This feeling was echoed by Buzbee, who pointed to Reuters experiments with video explainers on complicated topics such as Taiwan and said it’s reassuring to know that behind changes in format preferences, audiences are still seeking out news.
“It is so heartening that people, at a minimum, are still saying that they're looking for good information, that is a hopeful signal,” Buzbee said. “But are we standing in our own way, are we doing things the wrong way?” She stressed that news publishers have to respond with innovative formats, even if they might look like small steps in comparison with the overarching changes to the information ecosystem.
Responding to audiences’ need for local news, for example, is an important way to reconnect with audiences and build closer relationships with them. In the case of NPR, which provides both national-level news coverage and manages a large network of local radio stations, this takes the shape of using audience data to integrate stories local to people in their app and website experience.

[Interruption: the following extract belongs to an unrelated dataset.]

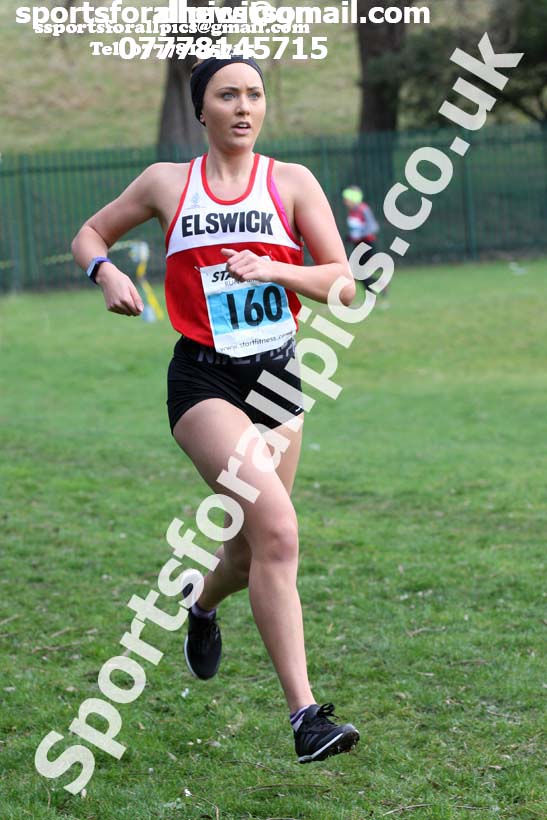 Senior womens and veteran Cathedral Relays, Birtley. Photo:  David T. Hewitson/Sports for All Pics
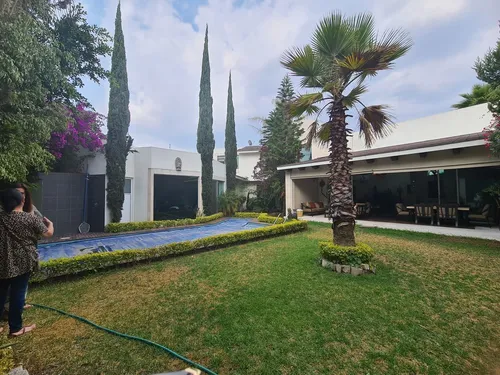 Casa Con Alberca En Venta En San Martinito, Frente A La Vista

“Part of NPR’s secret sauce is that connection to community and its ability to tell a humane and contextualised story that feels like it meets you where you are,” Merkley said. “We are in a human minority-internet right now. That's the place we're moving to. We need to be curious and experimental about new ways to build connections with the audience, and to listen to what folks are telling us. They want to have that connection. They want trust. They're looking for context.”
2. The shift to platforms
The Digital News Report 2026 exposed an important milestone. For the first time since we started measuring, social media and video networks are, on average across the 48 markets covered, more popular than both TV and publishers’ news websites and apps as news sources. This means that audiences now have a more incidental relationship with news, coming across it while looking at other content in one of these networks.
As the chart below shows, the difference is even higher in the United States, where 56% of our respondents use social media for news, much more than TV and news websites (both at 45%).
Devichand, from the New York Times, stressed that the world of platforms has changed significantly in the past ten years, with platforms now offering different experiences and not prioritising news as much as they did before. This doesn’t mean publishers should ignore them, he said, as it’s important to create interactions with trust-worthy journalism in those spaces but also on their own websites.
“One of the responses for us has been to double down on being a destination of our own experience and that can't be static,” said Devichand, who called on media managers to “take a step towards the best of this new internet.”
But what do the platforms make of all this? Toliver King from Google said the company is speaking with publishers about surfacing high-quality content for audiences coming through Google’s platforms. She explained her company is trying to direct users who want more than a brief or surface-level answer toward publishers’ sites, despite fears in the industry about the loss of traffic for the rise of AI Overviews, the AI-generated summaries that now appear on Google search.
“Publishers do have to think about the readers that are the more sophisticated, that want deep answers to their questions, because those are the readers that are going to be coming directly to their sites,” Toliver King said.
This shift to platforms should not be blamed for declining trust in journalism, said Sharma from Vox. She argued that trust is also low because many newsrooms may be out of touch with audiences outside media elites, and pointed to polarising issues like Gaza and immigration as important examples.
“Are we really understanding what people are feeling? Or are we just serving elite audiences in our bubble?” she said.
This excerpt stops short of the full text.